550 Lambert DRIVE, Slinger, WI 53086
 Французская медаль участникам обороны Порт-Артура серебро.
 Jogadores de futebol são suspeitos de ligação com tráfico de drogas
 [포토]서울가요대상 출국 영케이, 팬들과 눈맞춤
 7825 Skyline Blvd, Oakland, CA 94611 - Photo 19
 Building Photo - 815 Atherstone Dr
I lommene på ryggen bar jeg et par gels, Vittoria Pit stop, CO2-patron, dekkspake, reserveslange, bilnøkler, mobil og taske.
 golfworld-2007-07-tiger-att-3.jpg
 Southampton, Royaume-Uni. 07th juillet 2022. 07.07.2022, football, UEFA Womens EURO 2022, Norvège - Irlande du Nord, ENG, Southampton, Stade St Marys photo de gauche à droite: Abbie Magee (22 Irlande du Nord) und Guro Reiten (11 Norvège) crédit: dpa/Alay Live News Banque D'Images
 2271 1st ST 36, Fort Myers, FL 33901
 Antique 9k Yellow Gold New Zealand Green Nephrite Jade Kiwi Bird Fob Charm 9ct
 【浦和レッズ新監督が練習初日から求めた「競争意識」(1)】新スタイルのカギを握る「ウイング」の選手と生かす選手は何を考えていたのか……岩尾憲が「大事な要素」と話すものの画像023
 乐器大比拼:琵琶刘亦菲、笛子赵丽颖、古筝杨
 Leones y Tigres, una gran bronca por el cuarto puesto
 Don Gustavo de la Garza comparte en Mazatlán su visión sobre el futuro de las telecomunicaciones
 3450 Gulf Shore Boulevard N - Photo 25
-.-.-
### Aim of the task
Set down exactly, and only, the lines from the one with "Building Photo - 815 Atherstone Dr" to the final line of the data.

### Answer to this task
 Building Photo - 815 Atherstone Dr
I lommene på ryggen bar jeg et par gels, Vittoria Pit stop, CO2-patron, dekkspake, reserveslange, bilnøkler, mobil og taske.
 golfworld-2007-07-tiger-att-3.jpg
 Southampton, Royaume-Uni. 07th juillet 2022. 07.07.2022, football, UEFA Womens EURO 2022, Norvège - Irlande du Nord, ENG, Southampton, Stade St Marys photo de gauche à droite: Abbie Magee (22 Irlande du Nord) und Guro Reiten (11 Norvège) crédit: dpa/Alay Live News Banque D'Images
 2271 1st ST 36, Fort Myers, FL 33901
 Antique 9k Yellow Gold New Zealand Green Nephrite Jade Kiwi Bird Fob Charm 9ct
 【浦和レッズ新監督が練習初日から求めた「競争意識」(1)】新スタイルのカギを握る「ウイング」の選手と生かす選手は何を考えていたのか……岩尾憲が「大事な要素」と話すものの画像023
 乐器大比拼:琵琶刘亦菲、笛子赵丽颖、古筝杨
 Leones y Tigres, una gran bronca por el cuarto puesto
 Don Gustavo de la Garza comparte en Mazatlán su visión sobre el futuro de las telecomunicaciones
 3450 Gulf Shore Boulevard N - Photo 25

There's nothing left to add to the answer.